Dana Holgorsen has always understood this. And for maybe the first time, the University of Houston looks like a Dana Holgorsen team in a 44-7 dismantling of Rice. For maybe the first time, Holgorsen’s guys are all over the field, making plays.
There is McCaskill, the super freshman who turned down programs like Alabama and Florida State to pick Houston, providing another dimension as a pass catching back. There is Marcus Jones, the highly-regarded Troy transfer Holgorsen brought to campus two years ago, going from star cornerback to full-time receiver. For at least this one game.
And there are transfer defensive backs Art Green (Hutchinson Community College and a Tennessee target) and Alex Hogan (Texas Tech) making interceptions where they arguably run the route better than the targeted Rice receiver.
All Holgorsen guys making the kind of plays that change games. And maybe a program.
No wonder why Holgorsen felt good enough after this one to tweet a semi cheeky photo of himself, relaxing at his backyard pool with the Bayou Bucket trophy sitting next to him, styrofoam cup in hand.
Fun Dana is a good thing. It’s usually been a winning thing. And after a trying week in the wake of that second half collapse against Texas Tech at NRG, a week that included all the joining the Big 12 drama (and ultimate success), this is a program that probably deserves a moment to exhale.
“There’s been a lot going on,” Holgorsen says. “I’ve been stressed out. There’s a lot to play for — the Bayou Bucket is huge. It means a lot to both fan bases. We made a big deal about the Bucket staying home. And all the Big 12 news and everything. . . coming off a hard loss last week. A lot going on.
“And I was really proud of the way the coaches and players responded to it.”
Alton McCaskill Arrives
Having a healthy Alton McCaskill makes any response a little easier. And definitely more potentially electric. The highest rated running back recruit that UH has ever landed scores three touchdowns on this night. But it’s the way McCaskill excels as a pass catcher out of the backfield, particularly on that 35-yard wheel route that leaves Rice’s most experienced linebacker (Antonio Montero) looking as befuddled as a Boomer trying to grasp TikTok, that hints at the true extent of his promise.

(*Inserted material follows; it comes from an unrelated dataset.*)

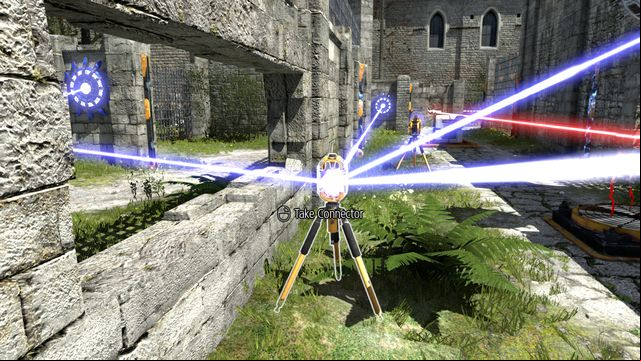 Couple the other connector across the window - Goliath | World 4 - World 4 - The Talos Principle Game Guide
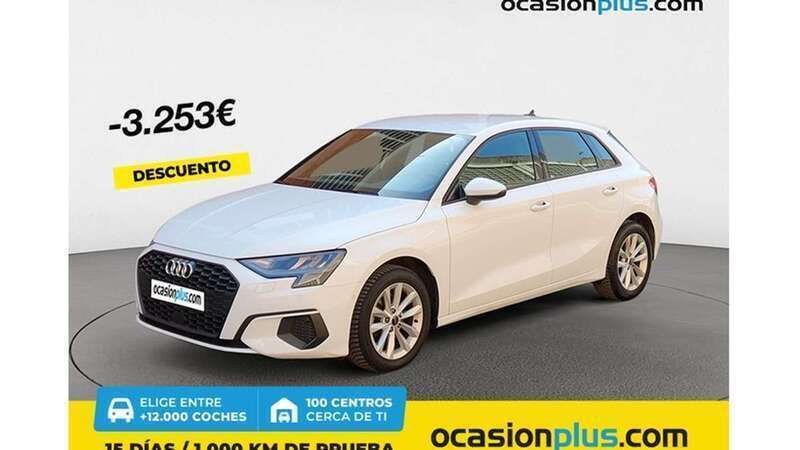 Blanco Usado 2023 Audi A3 Sportback Utilitario | 23.264 € (Precio justo) - Imagen 1/1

“He’s a complete back,” Holgorsen says when I ask about McCaskill’s pass catching skills. “I’ve been saying that for a while. Unfortunately, he got hurt for the last couple weeks of camp. And didn’t look good game week last week. The knee brace came off (against Rice). And you could tell he was back to himself. . .
“We definitely wanted to get him involved in some of the pass game stuff. But he can be in the backfield and get hard yards too. You saw some of the short yardage stuff he did. I think that’s just the start of what he’s going to become.”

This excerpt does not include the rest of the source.